My name is Dylan Speir, I am twenty-two years old and I have recently finished my fourth year of studying aero-mechanical engineering at the University of Strathclyde. I am currently enjoying an eight-week internship program with Gibson Robotics this summer before I enter my master’s year at Strathclyde.
My role at Gibson Robotics this summer has been as lead mechanical engineer. At the moment, we are a team of four and we each have our own area of focus, with mine clearly being on the mechanical components. The other main areas are systems and project/company management. As the project has progressed, some of the areas have begun to merge, and so we do work together and cross check our work frequently.
My main task of the summer has been to design a drone capture mechanism. In other words, some sort of mechanical device that can be used by a friendly drone to apprehend other “enemy” drones. These “enemies” could have malicious intentions or simply be trespassing in restricted areas such as airports or military bases. I was tasked with coming up with a novel idea and then developing it from a simple design to a working prototype. The prototype was never expected to be perfect, only enough to provide a proof of concept which could be taken to the next stage of the startup’s journey towards commercialisation and a successful final product.

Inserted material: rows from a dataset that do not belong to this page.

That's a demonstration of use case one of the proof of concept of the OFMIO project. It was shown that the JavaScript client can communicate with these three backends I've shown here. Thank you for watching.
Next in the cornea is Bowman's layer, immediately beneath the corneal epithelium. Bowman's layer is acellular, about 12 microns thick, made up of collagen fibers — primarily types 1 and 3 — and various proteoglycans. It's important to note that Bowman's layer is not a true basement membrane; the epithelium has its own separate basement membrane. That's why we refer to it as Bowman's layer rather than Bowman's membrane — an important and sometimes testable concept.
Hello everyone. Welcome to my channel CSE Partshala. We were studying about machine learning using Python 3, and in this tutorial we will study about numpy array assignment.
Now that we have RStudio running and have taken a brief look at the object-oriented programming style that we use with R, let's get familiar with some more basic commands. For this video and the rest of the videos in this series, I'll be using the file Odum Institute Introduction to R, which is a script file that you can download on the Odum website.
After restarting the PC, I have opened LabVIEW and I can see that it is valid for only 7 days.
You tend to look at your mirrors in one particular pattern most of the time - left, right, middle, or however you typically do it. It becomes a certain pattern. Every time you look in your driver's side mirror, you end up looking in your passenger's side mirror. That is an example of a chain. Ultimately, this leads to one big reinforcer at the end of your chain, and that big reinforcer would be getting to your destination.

I was lucky to come up with a unique idea very quickly, so I was able to jump straight in to researching what I needed my design to do and how exactly it was going to do it. Once I had all the information and got it working theoretically, I was able to move on to using computer models to run simulations and evaluate the designs mathematically. Now I have reached the point where I can bring my ideas to life as early prototypes and test them in real world scenarios, before resorting back to more research to solve any problems that arise. I have to say, this is best stage, getting to hold everything I have designed in my hands and seeing it really work (or fail).

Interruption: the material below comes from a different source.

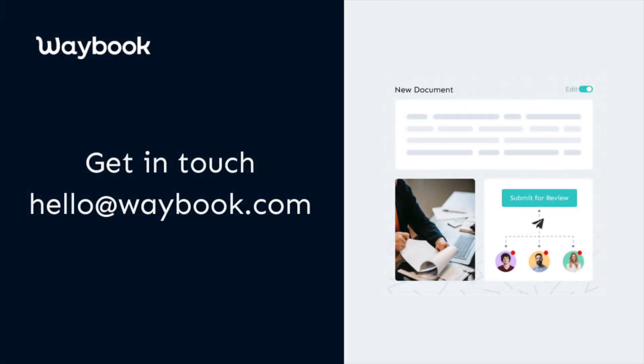If you have any questions or need help with this process reach out to the Waybook success team today.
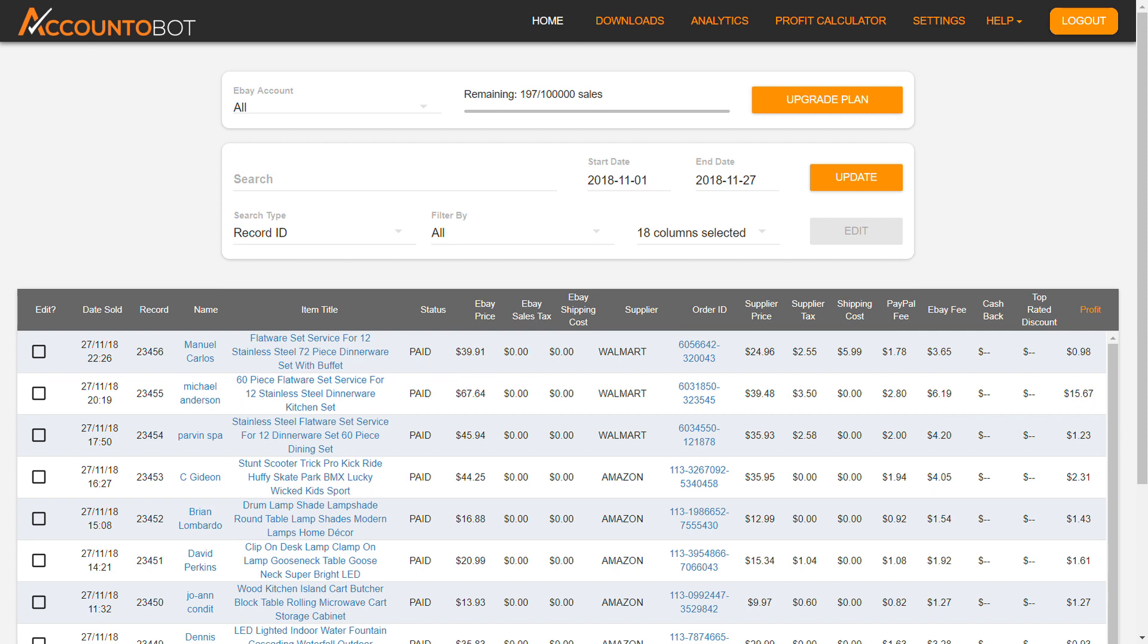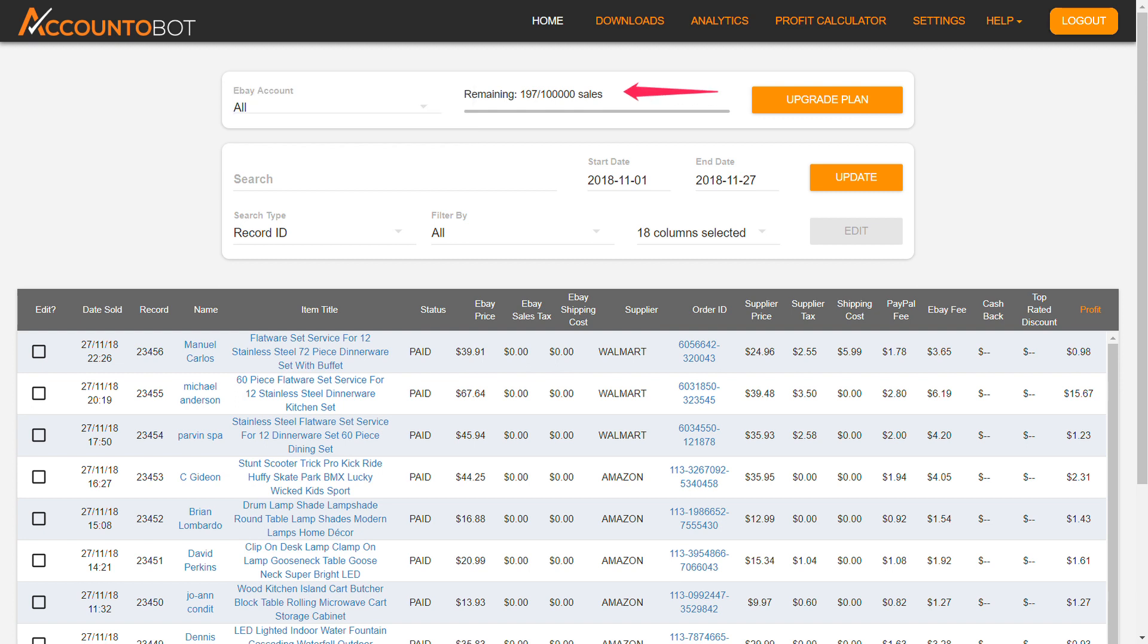On the top of your home page, you can choose between your eBay accounts, check your monthly limit, and upgrade plan.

My experience so far at Gibson Robotics has been very good. It has felt in some ways like a university project where you are given a challenge and you need to use what you have learned in class to solve it. However, in this case the challenge is a lot bigger, there is not the same guidance, and you have to use everything that you have learned at university as well as teach yourself everything you have not. But just as the task is much greater, so too is the reward.
Like never before, I have been able to put what I have learned throughout my time in education into practice within real life applications as the expert in my field. I have been given the opportunity to use this knowledge creatively to help design and create something revolutionary within a new and growing sector soon to be one of the most important in the future of engineering. In doing this I have learned so much about how to work and succeed in the engineering industry, and all about the benefits and hinderances that come from working out with of education. As well as developing and cementing all the technical knowledge I have learned and how to use it practically. Even more rewards come from the fact that Gibson Robotics is a small personal startup company.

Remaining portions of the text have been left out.